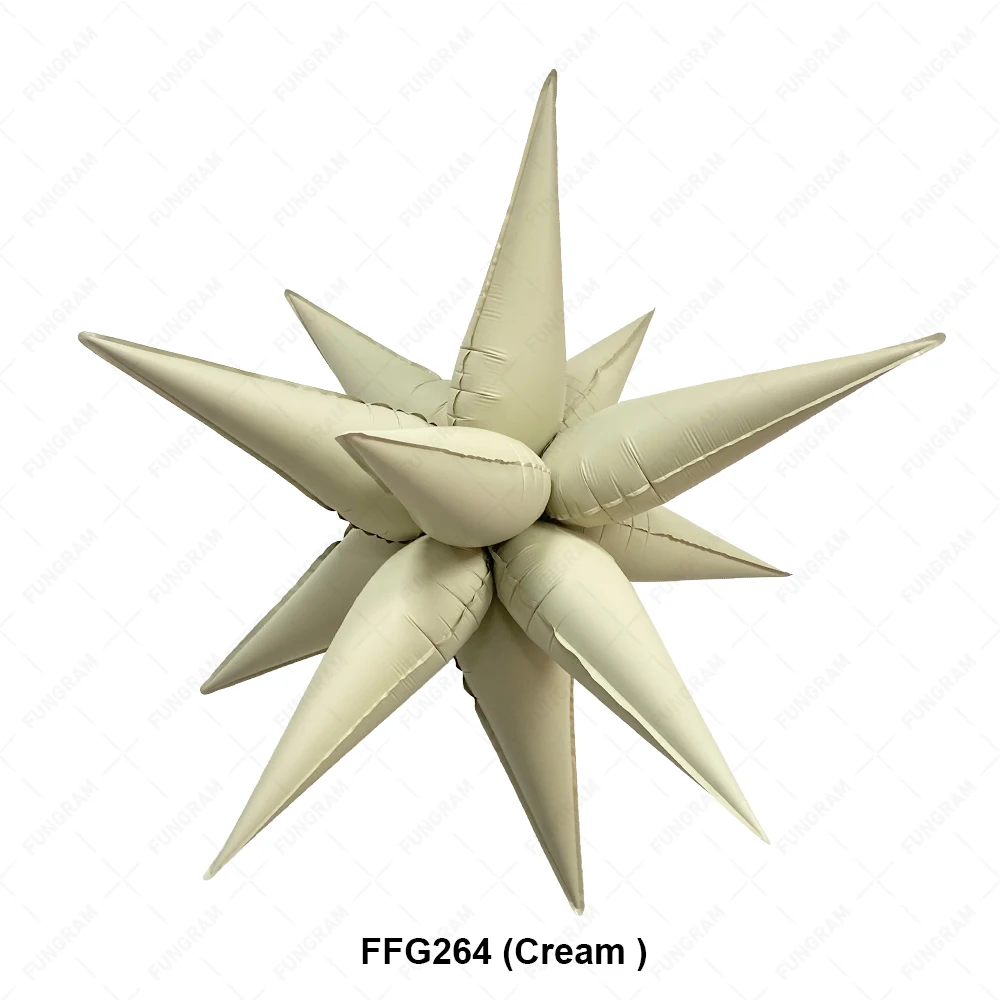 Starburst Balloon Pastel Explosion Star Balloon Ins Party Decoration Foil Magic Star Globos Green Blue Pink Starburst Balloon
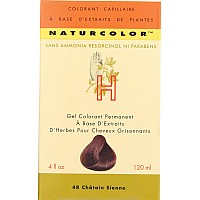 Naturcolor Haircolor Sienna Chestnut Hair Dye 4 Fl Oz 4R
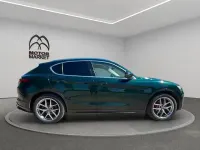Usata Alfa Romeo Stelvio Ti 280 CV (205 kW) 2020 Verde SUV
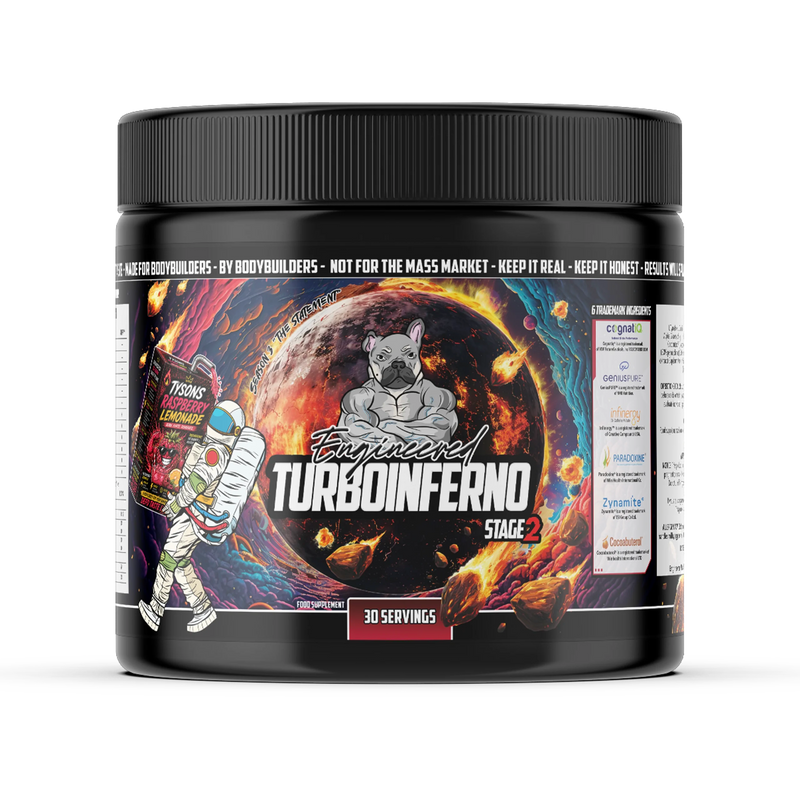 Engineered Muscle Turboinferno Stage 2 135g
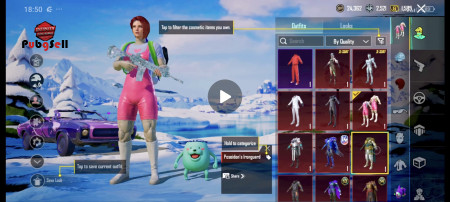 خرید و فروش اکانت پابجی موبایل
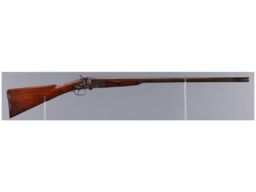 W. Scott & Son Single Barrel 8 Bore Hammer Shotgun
__________
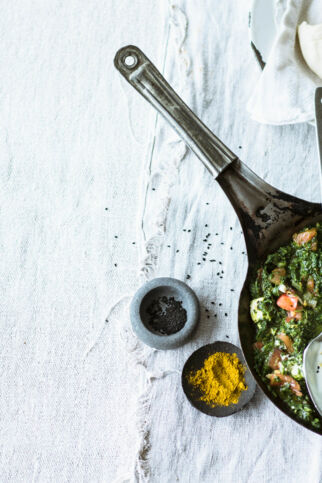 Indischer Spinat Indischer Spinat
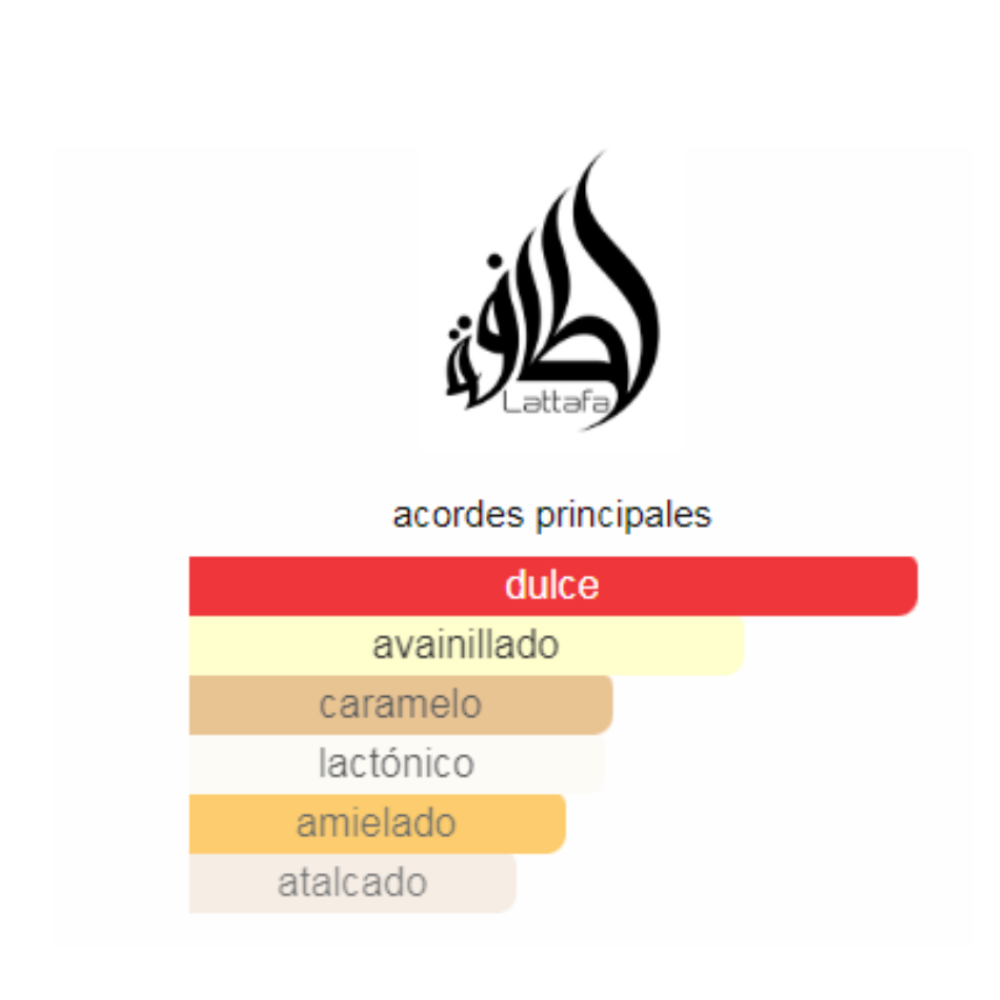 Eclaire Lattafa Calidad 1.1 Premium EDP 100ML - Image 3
__________
**PROBLEM STATEMENT:**
Without the pictures, set down the lines above from the line with "خرید و فروش اکانت پابجی موبایل" up to and including the line with "W. Scott & Son" exactly as they stand.

**RESPONSE TO THIS EXERCISE:**
 خرید و فروش اکانت پابجی موبایل
 W. Scott & Son Single Barrel 8 Bore Hammer Shotgun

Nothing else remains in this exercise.